According to the IAU, there are eight planets in the Solar System. In increasing distance from the Sun, the planets are:
  • ☿ Mercury
  • ♀ Venus
  • ⊕ Earth
  • ♂ Mars
  • ♃ Jupiter
  • ♄ Saturn
  • ♅ Uranus
  • ♆ Neptune
Jupiter is the largest, at 318 Earth masses, whereas Mercury is the smallest, at 0.055 Earth masses.

The planets of the Solar System can be divided into categories based on their composition:

  • Terrestrials:

    Planets that are similar to Earth, with bodies largely composed of rock: Mercury, Venus, Earth and Mars. At 0.055 Earth masses, Mercury is the smallest terrestrial planet (and smallest planet) in the Solar System, whereas Earth is the largest terrestrial planet.

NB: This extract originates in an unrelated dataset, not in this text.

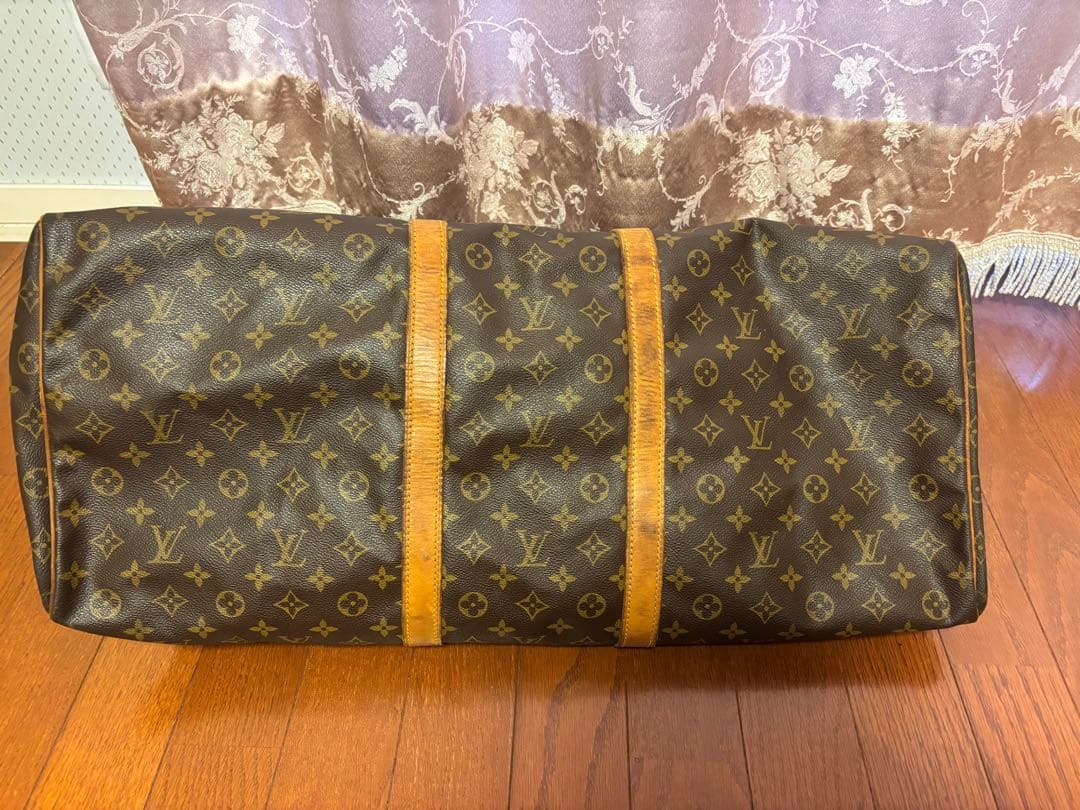 ゆなページ。Louis Vuitton ボストン60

  • Gas giants (Jovians): 

    Planets largely composed of gaseous material and significantly more massive than terrestrials: Jupiter, Saturn, Uranus, Neptune. Jupiter, at 318 Earth masses, is the largest planet in the Solar System, whereas Saturn is one third as big, at 95 Earth masses.
    • Ice giants:
      comprising Uranus and Neptune, are a sub-class of gas giants, distinguished from gas giants by their significantly lower mass (only 14 and 17 Earth masses), and by depletion in hydrogen and helium in their atmospheres together with a significantly higher proportion of rock and ice.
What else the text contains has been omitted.